Age: Subjects will be male and female volunteers aged 18 to 50 years.

Contact: All subjects must have a stable point of contact and must agree to participate in one PET study and one MRI scan.

Smoking group: must smoke at least 10 cigarettes per day for at least the last year. They should have experience with abstaining from smoking for at least 48 h.

Nonsmoking group: Subjects in the non-smoking group must be nonsmokers or have smoked less than 100 cigarettes in their lifetime and have ceased smoking at least two years before the start of the study.

Diagnosis: Each volunteer will have a diagnosis of schizophrenia using DSMIV criteria. Each subject will have the following information available for diagnostic consideration: Structured Clinical Interview for DSM-IV Axis I Disorders (SCID-I), a general psychiatric interview for past illness characteristics and family history, information from 2-3 months of independent clinician observation including current detailed mental status evaluations using the Brief Psychiatric Rating Scale (BPRS), Schedule for the Assessment of Positive and Negative Symptoms (SAPS/SANS), and Schedule for Deficit Syndrome (SDS). An assessment of impulsivity will also be done (Patton, 1995).

Comorbidity: No subject with a current axis I diagnosis other than schizophrenia will be allowed. No subject with known claustrophobia will be allowed.

Medications: Study participants will continue to take their antipsychotic medications that they have been taking for at least 3 months prior to the study. Haldol, risperidone and olanzapine will be allowed because of their lack of significant effect on the density of beta2* nACh receptors after prolonged administration to rats (Haldol; Breese et al., 2000; risperidone and olanzapine; personal communication, Mukhin, also SFN abstract).


Weight: Anyone weighing more than 300 lbs is excluded from the study. The purpose of this exclusion is the weight limit of the PET scanner.

History of Drug Abuse: Participants reporting current or having a significant history of illicit drug abuse will be excluded from the study. Subjects may use moderate amounts of alcohol and caffeine and smoke an occasional marijuana cigarette, but must not be dependent on alcohol, caffeine or marijuana. No alcohol or marijuana for at least 72 hours prior to scanning. No smoking for 48 hrs before the PET scan.

Current Medication Use: Participants will continue to use their prescription medications. The following hypertension medications will be exclusionary: Indapamide, spironolactone, clonidine, guanfacine, methyldopa, propranolol. Over the counter medications are not exclusionary, however, subjects will not be allowed to use over the counter medications in the week prior to their PET scan.

CNS disease: History of known structural brain abnormalities (e.g., neoplasm, subarachnoid cysts), cerebrovascular disease, infectious disease (e.g., abscess), history of head trauma (defined as documented loss of consciousness for 5 min or greater), history of seizures as an adult, sleep apnea.

Cardiovascular, pulmonary, or systemic disease: Untreated hypertension known arrhythmia, symptomatic or known coronary artery disease; history of endocarditis, cerebral embolism, obstructive pulmonary disease, asthma, active tuberculosis, known endocrine disease (derangements in adrenal, thyroid, bone or reproductive function) known chronic renal or hepatic dysfunction, known HIV seropositive, known current autoimmune disease involving the CNS, type I diabetes mellitus.
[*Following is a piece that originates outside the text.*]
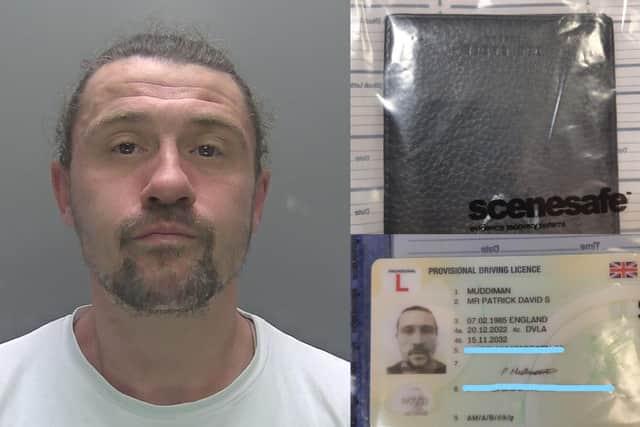 Patrick Muddiman and images of his wallet and licence, which he left at the scene, which have been released by police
Subjects with type II diabetes mellitus will be allowed if their Hb A1C is less than 7.

Special considerations for female subjects. Female participants who are planning to become pregnant, currently pregnant or nursing will not be allowed to participate in this study because of potential damage to the fetus or baby from the radiation. In addition, women of child bearing age who are sexually active are required to use an effective form of birth control for the duration of the study. Effective forms of birth control include:

  1. hormonal contraceptives (birth control pills, injectable hormones, vaginal ring hormones),
  2. surgical sterility (tubal ligation or hysterectomy)
  3. IUD
  4. Diaphragm with spermicide
  5. Condom with spermicide

Female subjects will be given a serum pregnancy test (quantitative beta HCG) within 24 hours of the PET study. Menstrual cycle phase or sex has not been shown to affect receptor availability (Cosgrove et al., 2007).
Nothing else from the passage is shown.